La instalación del tacógrafo inteligente G2V2 será obligatoria tanto en vehículos nuevos como en furgonetas ya en circulación, siempre que se utilicen en tráfico internacional dentro de la Unión Europea, el Espacio Económico Europeo o Suiza. Montar un dispositivo de generaciones anteriores o no cumplir los plazos supondrá una infracción. El coste del equipo, cercano a los 1.000 euros por unidad sin contar la instalación, representa un esfuerzo relevante, especialmente para pequeñas flotas.

No todas las operaciones quedarán afectadas. Las furgonetas dedicadas exclusivamente a transporte nacional seguirán exentas, al igual que el transporte internacional por cuenta propia, cuando la conducción no sea la actividad principal del trabajador. También quedan fuera los vehículos destinados al transporte de hasta nueve personas, incluido el conductor. Aun así, el número de vehículos impactados en Europa se contará por decenas de miles, sobre todo flotas de países como Polonia o Rumania, verdaderos dominadores de este mercado durante los últimos años.

Más allá de la inversión inicial, el nuevo marco introduce obligaciones adicionales. Las empresas deberán disponer de tarjetas de empresa, los conductores necesitarán tarjetas personales y será imprescindible implantar sistemas de descarga, análisis y conservación de datos. La formación se convierte en un elemento crítico: muchos conductores de furgoneta se enfrentarán por primera vez a un tacógrafo y a una normativa de tiempos de trabajo estricta, lo que incrementa el riesgo de errores e infracciones si no se gestiona adecuadamente.

Las consecuencias del incumplimiento no serán menores, porque además de sanciones económicas, las autoridades podrán inmovilizar vehículos durante controles en carretera y exigir la instalación inmediata del tacógrafo, con el consiguiente impacto operativo y financiero.
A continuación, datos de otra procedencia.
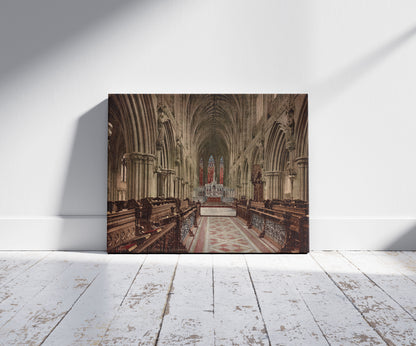 A picture of Lichfield Cathedral, Choir East, a mockup of the print leaning against a wall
Ante este escenario, algunas compañías ya valoran alternativas estratégicas, llevan ya un tiempo trabajando en ellas. Las alternativas más comunes están siendo desde sustituir parte de sus flotas de furgonetas por camiones, abandonar el transporte internacional y centrarse en el mercado doméstico, o revisar la rentabilidad real de determinados servicios bajo las nuevas restricciones de tiempos de conducción, además de incorporar otra gama de servicios adicionales, como el transporte aéreo.

El transporte ligero entra así en una nueva fase, más regulada y profesionalizada, que pondrá a prueba la capacidad de adaptación de operadores y conductores en toda Europa, pero sobre todo, los clientes verán muy afectados sus servicios. Hablamos de sectores industriales como el de la automoción o la aeronáutica, lo que confiere a la situación un cariz de mayor importancia de la que se le está dando por el momento.